To be clear: these are merely a few examples among many that might be offered. Further, they are hardly examples of self-sufficient or unadulterated “success.” Both the defeat of fascism during WWII, and the 1989 “Refolution” that brought down Communism in Eastern Europe, involved complex intersections of political resistance and geopolitics, and of good judgment and good luck. And both engendered compromises, and mistakes, and outcomes that, perhaps tragically, marginalized many of those conscientious resisters.

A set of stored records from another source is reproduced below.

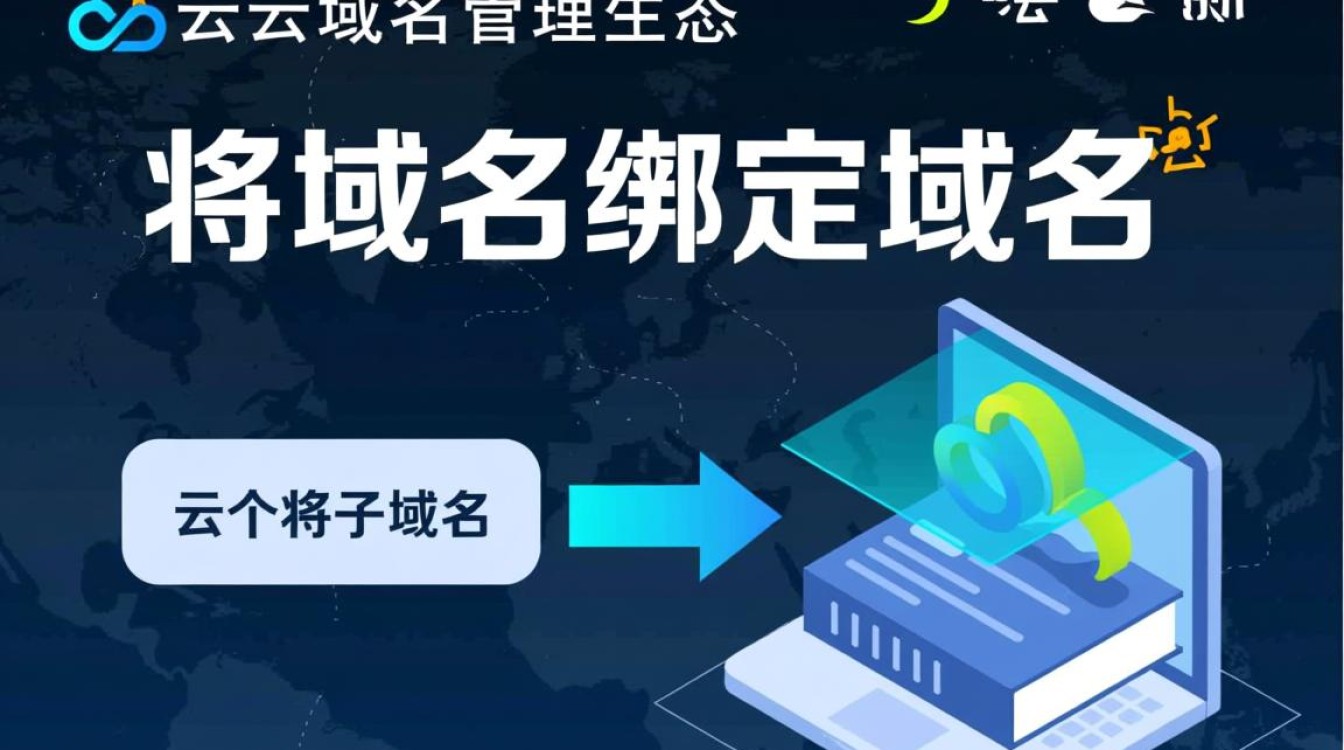 阿里云域名怎么直接绑定到另一个域名上？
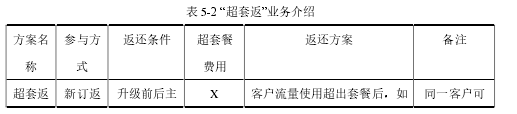 工商管理论文范文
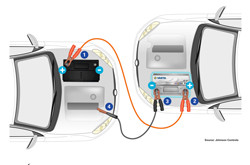 Chargeur de batterie de voiture - Aide au démarrage - 12 / 24 V - 27 A -  avec compartiment pour câble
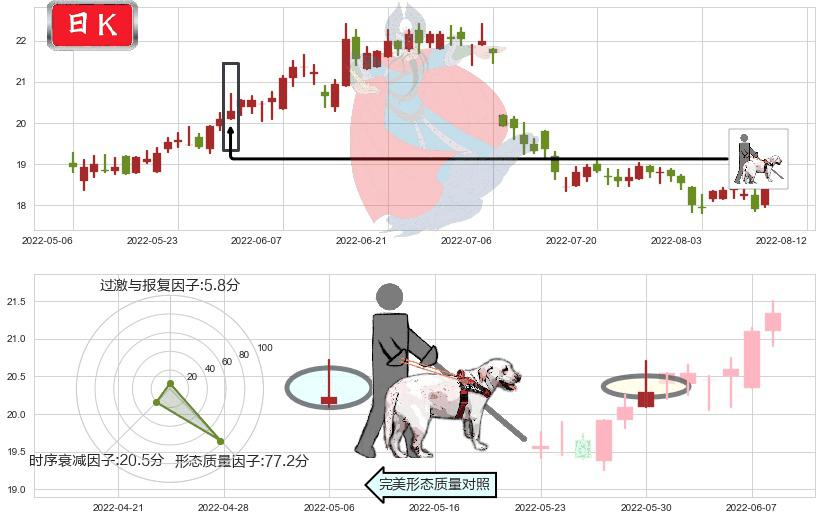 新华保险(hk01336)仙人指路K线图-阿布量化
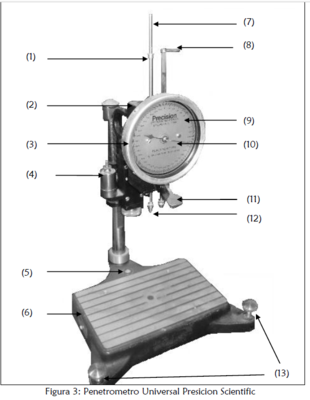 Image for question 25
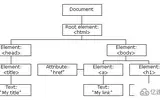 JavaScript DOM是什么？有什么作用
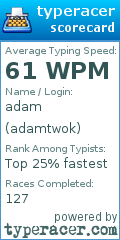 Scorecard for user adamtwok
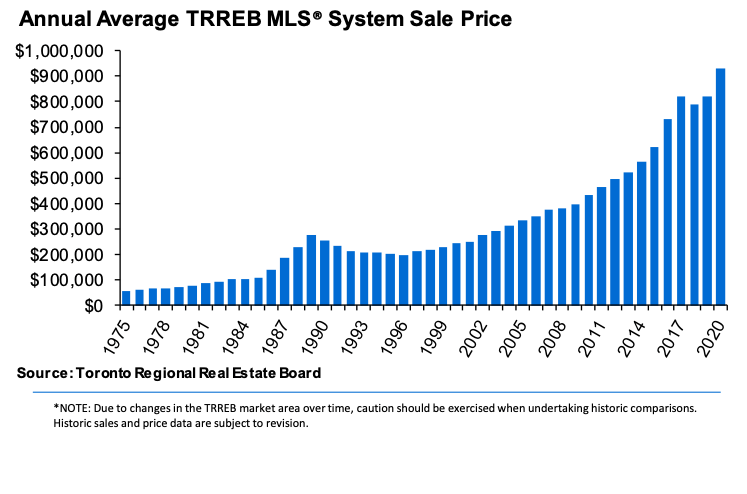 Chart - 2021-08 TRREB Average Home Price 1975-2020
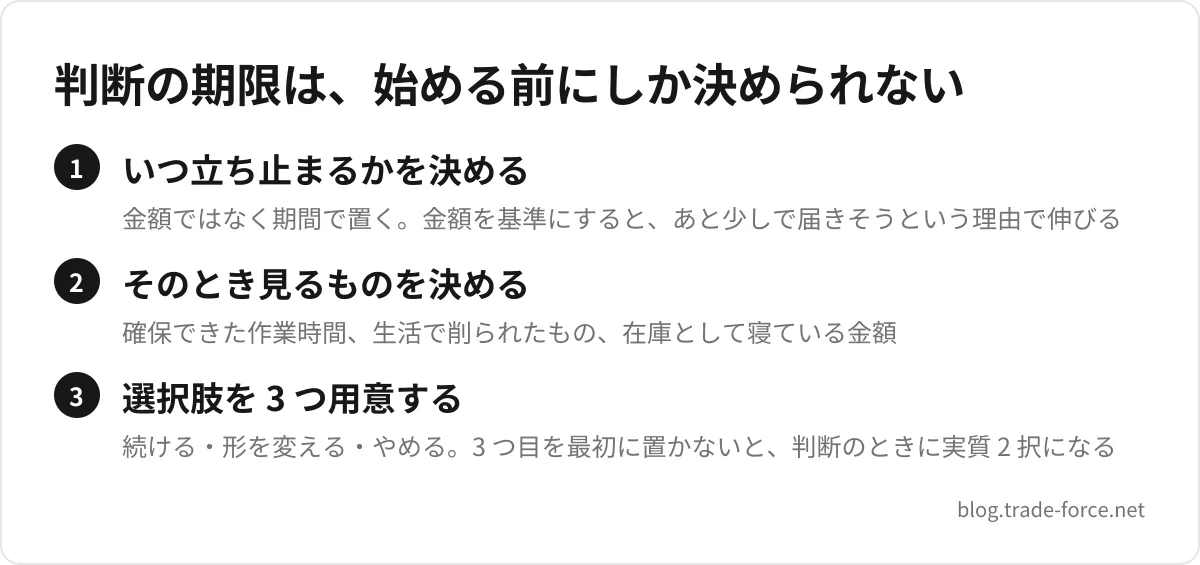 判断の期限は、始める前にしか決められない — いつ立ち止まるかを決める(金額ではなく期間で置く。金額を基準にすると、あと少しで届きそうという理由で伸びる)、そのとき見るものを決める(確保できた作業時間、生活で削られたもの、在庫として寝ている金額)、選択肢を 3 つ用意する(続ける・形を変える・やめる。3 つ目を最初に置かないと、判断のときに実質 2 択になる)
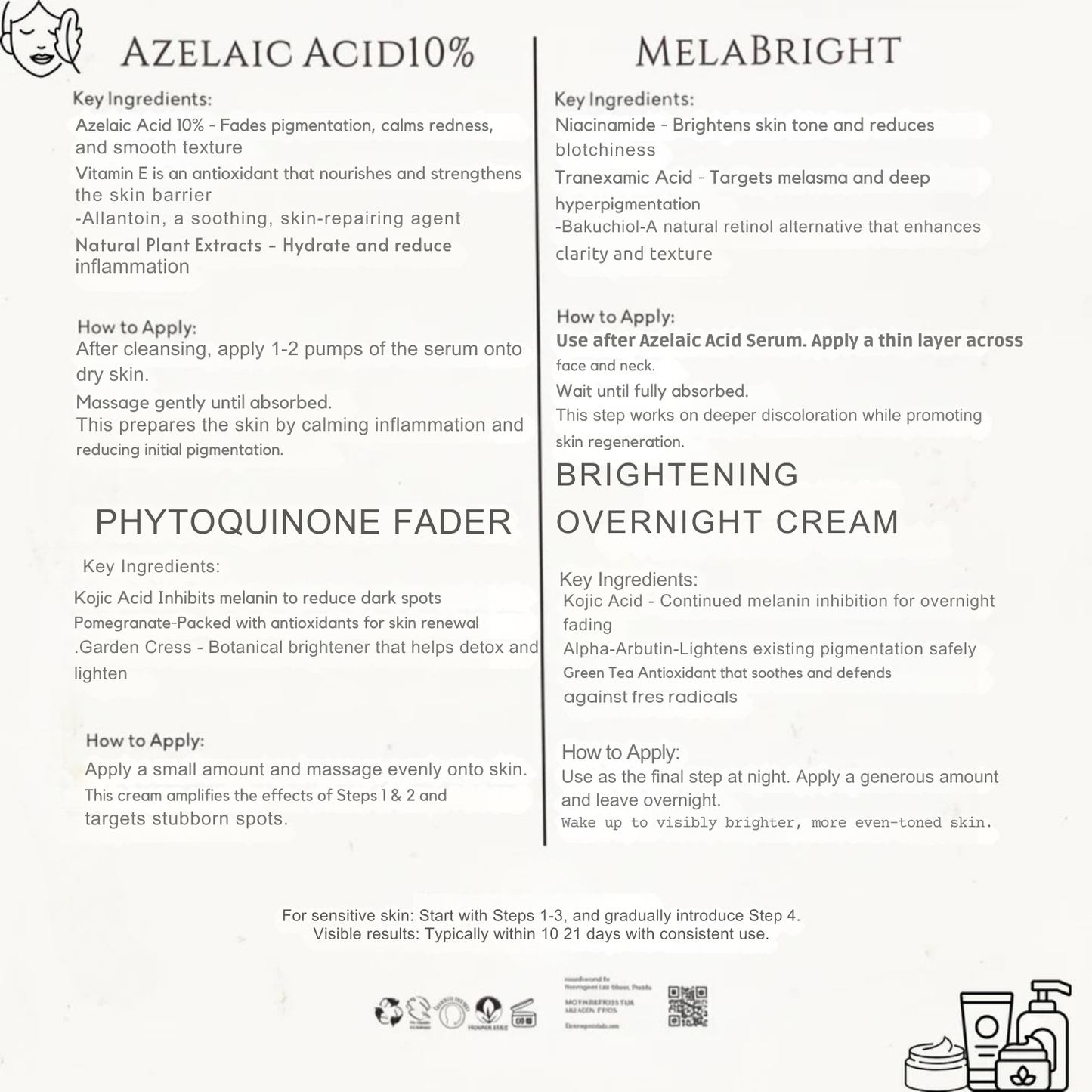 4-Step Brightening Treatment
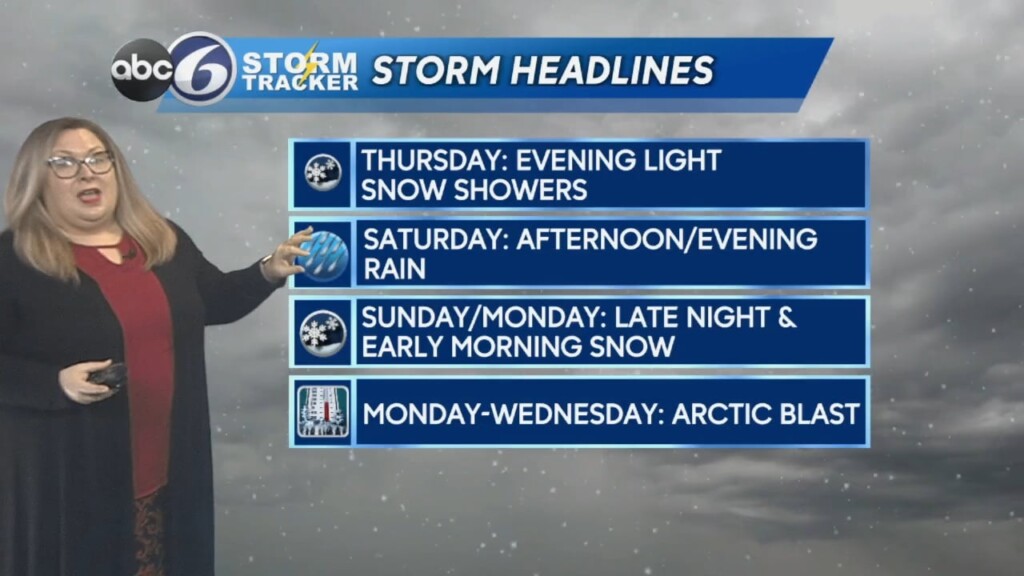 Thursday Pm Weather Forecast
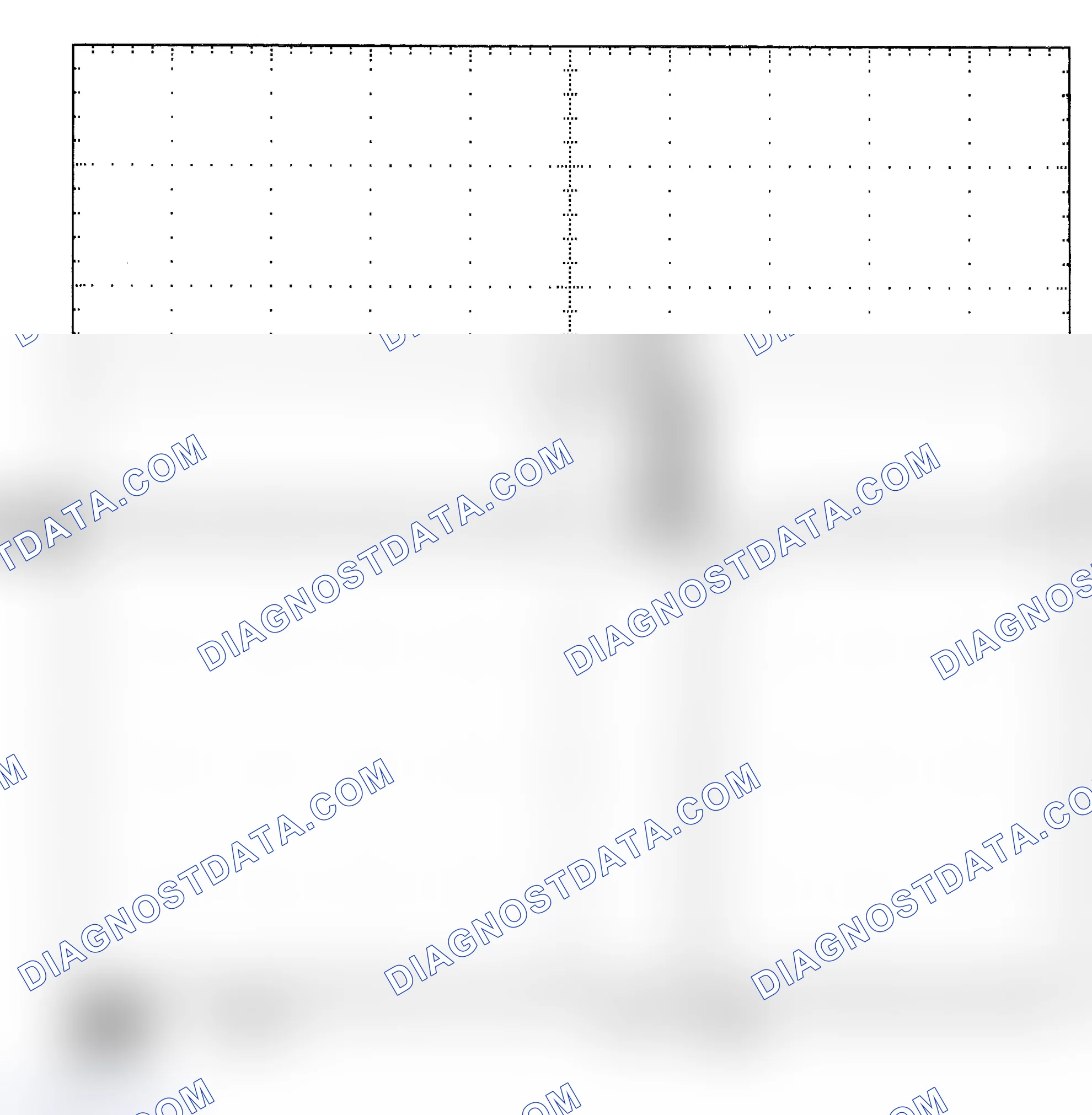 Scheme 25: Single Injector - Known Good - Voltage Pattern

My point is a simple one. There are traditions of thinking about and enacting resistance to authoritarianism that elude the dichotomy of “normalization” versus “alarmism” that frames Krastev’s essay. The current form of authoritarianism being instituted by our new “illiberal democrats” is fueled by contemporary injustices, grievances, resentments, and viral media of digital communication. And it requires mindful contemporary responses. There are no obvious or guaranteed strategies of resisting it or reviving the kinds of liberal-and-social democratic movements, institutions, and policies that played important roles in the past. Krastev is right that “overreaction” is a danger. But so is “under-reaction.” Indeed, today, like always, the defense of democracy requires “a sense of proportion,” but also a “passion and a readiness to defend one’s values.” And because it does, those of us who wish to be “neither victims nor executioners” need to sound the alarm, and to act judiciously, and to refuse to normalize the forms of small-mindedness, xenophobia, racism, and fear-mongering that are seeking and acquiring power in our midst. It may be that in some of these places, like Poland, many months of protests of the right-wing government have not shaken and might even have strengthened the government. It may also be that right now in many places — including the United States? — the defense of liberal values and constitutional democracy cuts against the grain of a powerful populism. Perhaps protest needs to be better linked with other forms of civic initiative and party-political activism. There are different ways to resist. And Krastev’s piece offers a useful cautionary note. But if “alarmism” is to be avoided, so too must be “normalization.” For while certain strategies and tactics of resistance might be “dangerous,” it is also possible that they are less dangerous and more promising than they might seem. Moreover, what seems most dangerous right now is not the resistance, but the mobilization and empowerment of bigotry and Know Nothingism that the resistance seeks to counter.